First, you'll enter the URL to the login form under "Login Form Identification". This will enable the admin wizard to connect to and display the login page.
Make sure the entered URL matches what you see in the browser's address bar, when the application login page is displayed. For example, even though you may be able to reach the login page by simply typing http://host/app, the URL you end up on may change to http://host/app/login via browser redirect(s).The second URL is the one you will want to use.
Caution: External Login Servers
The login page may actually come from a different server than the application you are trying to proxy. For example, you may notice that the login page URL changes to http://hostB/appB. This is common when external SSO products are involved. There are two ways of dealing with this situation. One is to configure Pagelet Producer to participate in SSO. This approach is out of scope of this article and is discussed in a separate whitepaper (TODO add link). The second approach is to use the autologin feature to provide stored credentials to the SSO login form. Since the login form URL is not an extension of the application base URL (PP resource URL), you will need to add a new PP resource for the SSO server and configure the login form on that resource instead of the original application resource. One side benefit of this additional resource is that it can reused for other applications relying on the same SSO server for login.
After entering the login page URL (make sure dropdown says "URL"), click "Automatically Detect Form Fields". This will bring up the web app's login page in a new browser window. Fill it out and submit it as you would normally. If everything goes right, Pagelet Producer will intercept the submitted values and fill out all the needed configuration data in the Admin UI. If the login form window doesn't close or configuration data doesn't get filled in, you may have not entered the login page URL correctly. Review the two cautionary notes above and make any necessary changes.
If the form fields got filled automatically, it's time to save the configuration and test it out. If you can access a protected area of the backend application via a proxied PP URL without filling out its login form, then you are pretty much done with login form configuration. The only other step you will need to complete before declaring this aspect of configuration production ready is configuring form field source.
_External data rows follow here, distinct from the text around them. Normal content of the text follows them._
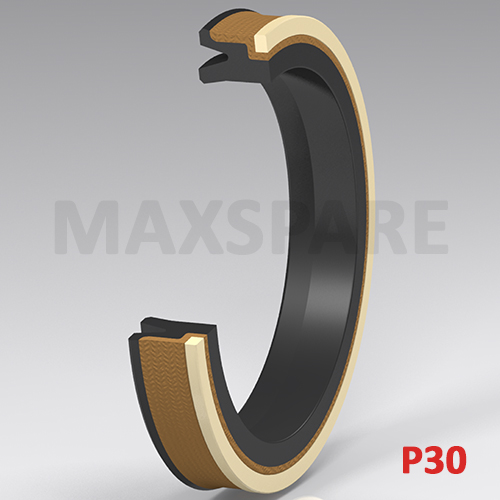 P303208301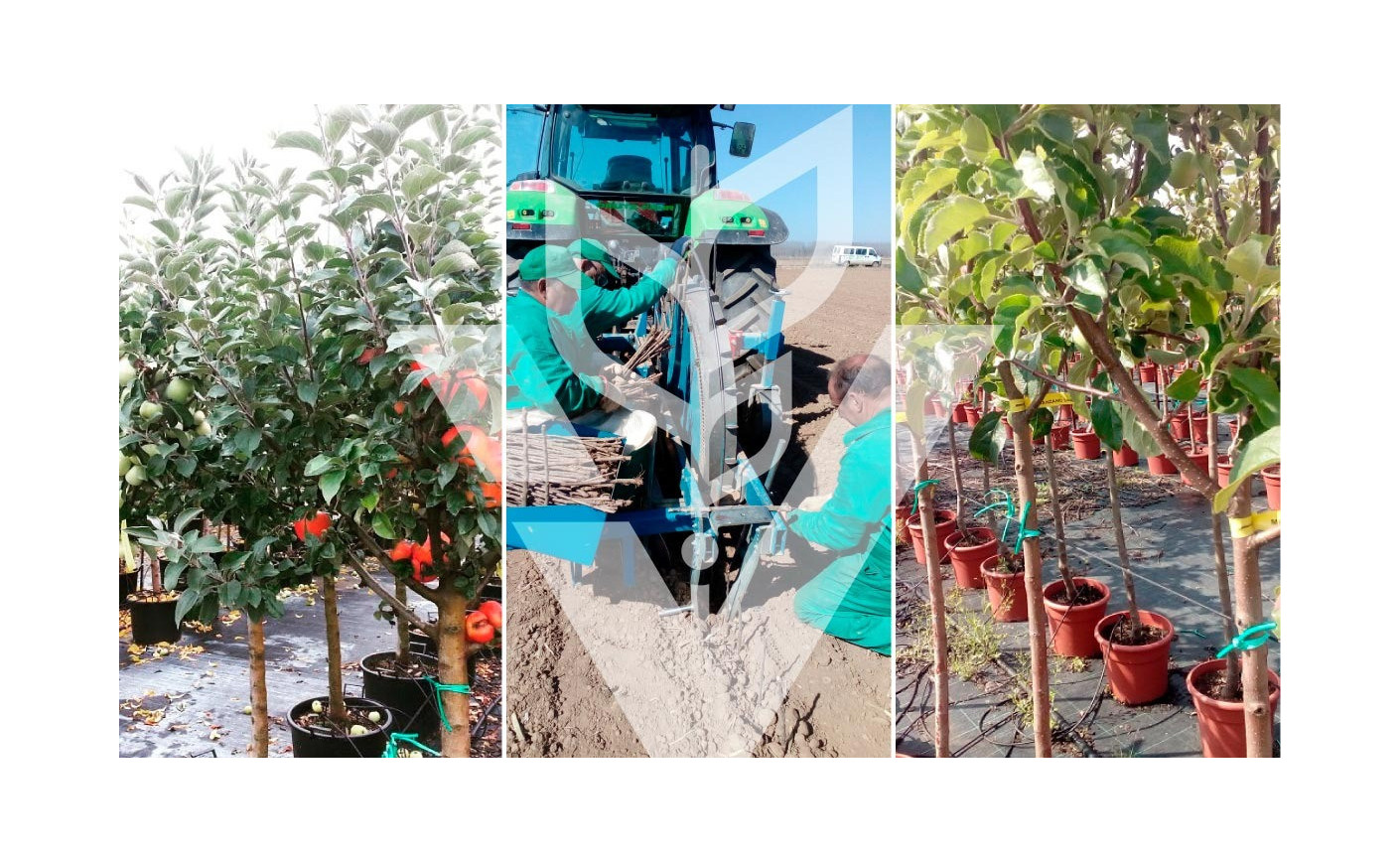 Nuestros frutales, origen y procesos básicos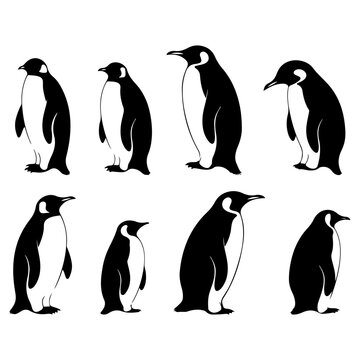 Penguin's black silhouette is set on a white background. Cute penguin vector illustration
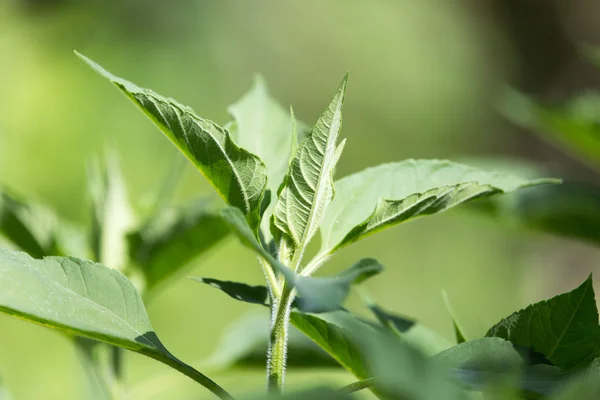 Gröna blad av en solros på naturen — Stockfoto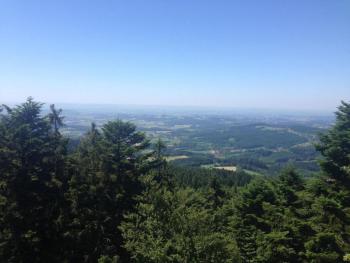 Ferienwohnung im Bayerischen Wald mit Balkon, Drachselsried (foto 3)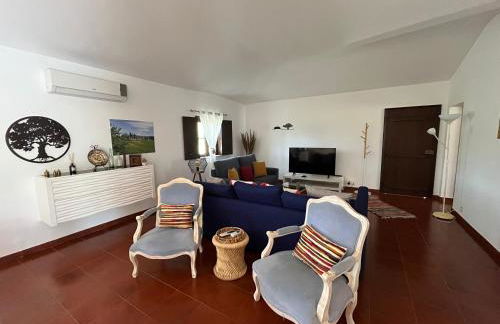 Quinta do Faisco - Photo 12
You may skip to that section below.
Manual Login Form IdentificationLet's take a closer look at Login Form Identification. This determines how Pagelet Producer recognizes login forms as such.
URLThe most efficient way of detecting login forms is by looking at the page URL. This method can only be used under the following conditions:
- Login page URL must be different from the post login application URLs.
- Login page URL must stay constant regardless of the path it takes to reach the page. For example, reaching the login page by going to the application base URL or to a specific protected URL must result in a redirect to the same login page URL (query string excluded). If only the query string parameters change, just leave out the query string from the configured login page URL.
RegExIf the login page URL is not uniform enough across all scenarios or is indistinguishable from other page locations, PP can be configured to recognize it by looking at the page markup itself. This is accomplished by changing the dropdown to "RegEx". If regular expressions scare you, take comfort from the fact that in most cases you won't need to enter any special regex characters. Let's look at an example: Say you have a login form that looks like
<form id='loginForm' action='login?from=pageA' > <input id='user'> <input id='pass'> </form>
Since this form has an id attribute, you can be reasonably sure that this login form can be uniquely identified across the web application by this snippet: "id='loginForm'". (Unless, of course your backend web application contains login forms to other apps). Since no wildcards are needed to find this snippet, you can just enter it as is into the RegEx field - no special regular expression characters needed!
If the web developer who created the form wasn't kind enough to provide a unique id, you will need to look for other snippets of the page to uniquely identify it. It could be the action URL, an input field id, or some other markup fragment. You should abstain from using UI text as an identifier it may change in translated versions of the page and prevent the login page logic from working for international users. You may need to turn to regular expression wildcard syntax if no simple matches work. For more information on regular expression, refer to the Resources section.
Form Submit Location
Now we'll look at the form submit location. If the captured URL contains query string parameters that will likely change from one form submission to the next, you will need to change its type to RegEx. This type will tell Pagelet Producer to parse the login page for the action URL and submit to the value found. The regular expression needs to point at the actual action URL with its first grouping expression.
Taking the example form definition above, the form submit location regex would be:
The parentheses are used to identify the actual action URL, while the rest of the expression provides the context for finding it. Expression .*? is a so-called reluctant wildcard that matches any character excluding the single quote that follows. See Resources section below for further information on regular expressions.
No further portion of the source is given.